Letellier C, Rameliarison L, Fizet D, Ferrer A M, Vezon G
Service d'immunologie cellulaire, CRTS de Bordeaux, France.
Vox Sang. 1991;61(2):90-5. doi: 10.1111/j.1423-0410.1991.tb00252.x.
Ficoll-separated and monocyte-depleted mononuclear cells isolated from normal leukapheresis products were cryopreserved. These cells were incubated with or without 1,000 U/ml of recombinant interleukin-2 (rIL-2) for 4 days, and their lymphokine-activated killer (LAK) and natural killer (NK) activities were measured. IL-2 activation induced a significant increase in the expression of the CD25 antigen. There was no change in CD2, CD3, CD4, CD8, CD16, CD56 and CD57 cell marker expression. Cryopreservation did not induce any change in the membrane antigen expression and in the lymphocyte subsets. The NK activity was well preserved and the decrease of LAK activity of IL-2-activated cells after cryopreservation was not significant. In contrast, cells activated before cryopreservation had a significantly lower cytotoxic activity and the number of cells expressing the IL-2 receptor was also significantly reduced. However, the decrease of CD56 expression was not significant. CD25 expression seemed to be proportional to the LAK activity of the cells. This study demonstrated that cryopreserved lymphocytes, after 4 days of culture with rIL-2, could be as active and could express the CD25 and CD56 cell surface markers in the same manner as fresh LAK cells.

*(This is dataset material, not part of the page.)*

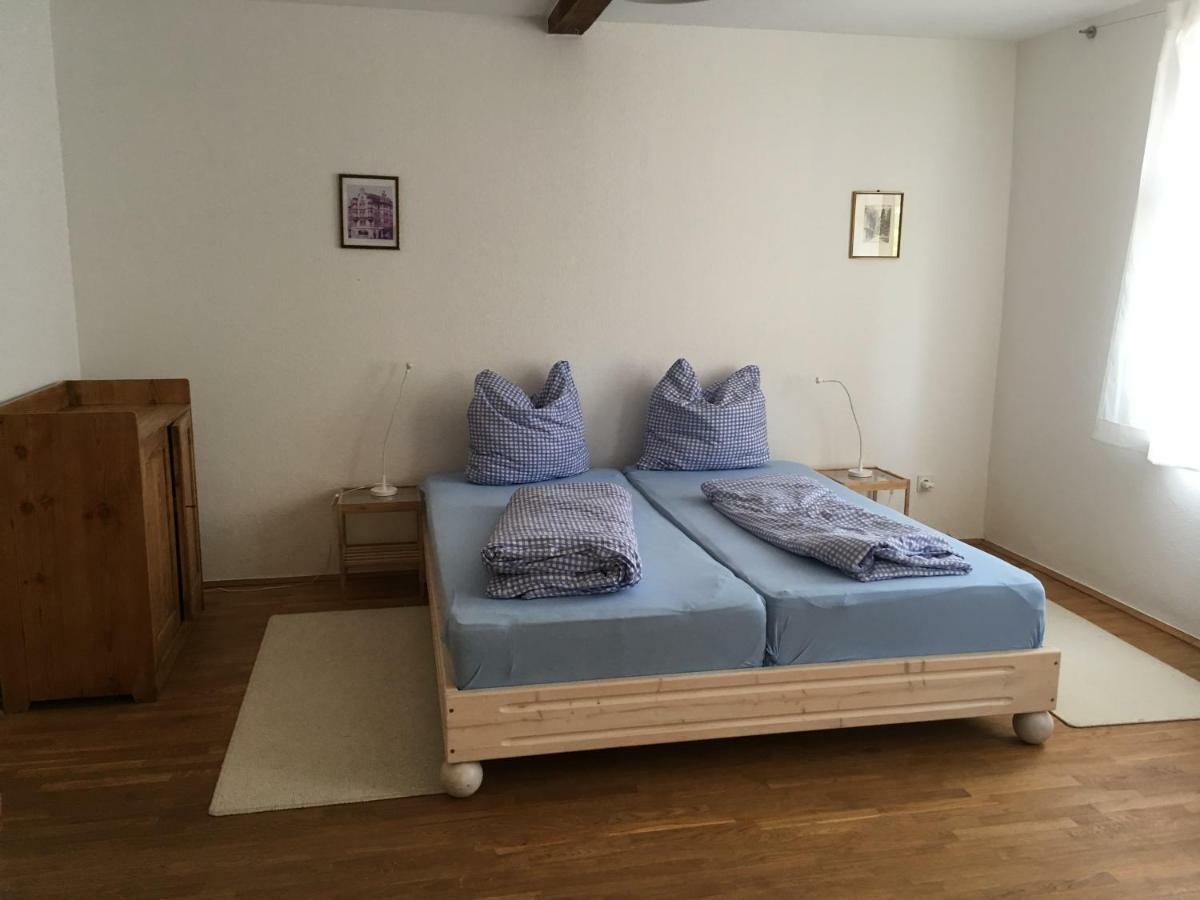 Appartement Storchenblick à Straupitz Extérieur photo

从正常白细胞单采产品中分离出的经Ficoll分离和去除单核细胞的单个核细胞被冻存。将这些细胞在有或无1000 U/ml重组白细胞介素-2(rIL-2)的条件下培养4天,并检测其淋巴因子激活的杀伤细胞(LAK)和自然杀伤细胞(NK)活性。IL-2激活导致CD25抗原表达显著增加。CD2、CD3、CD4、CD8、CD16、CD56和CD57细胞标志物表达没有变化。冻存未诱导膜抗原表达和淋巴细胞亚群发生任何改变。NK活性得到良好保留,冻存后IL-2激活细胞的LAK活性下降不显著。相比之下,冻存前激活的细胞细胞毒性活性显著降低,表达IL-2受体的细胞数量也显著减少。然而,CD56表达的下降不显著。CD25表达似乎与细胞的LAK活性成正比。本研究表明,经rIL-2培养4天后的冻存淋巴细胞与新鲜LAK细胞一样活跃,并且能够以相同方式表达CD25和CD56细胞表面标志物。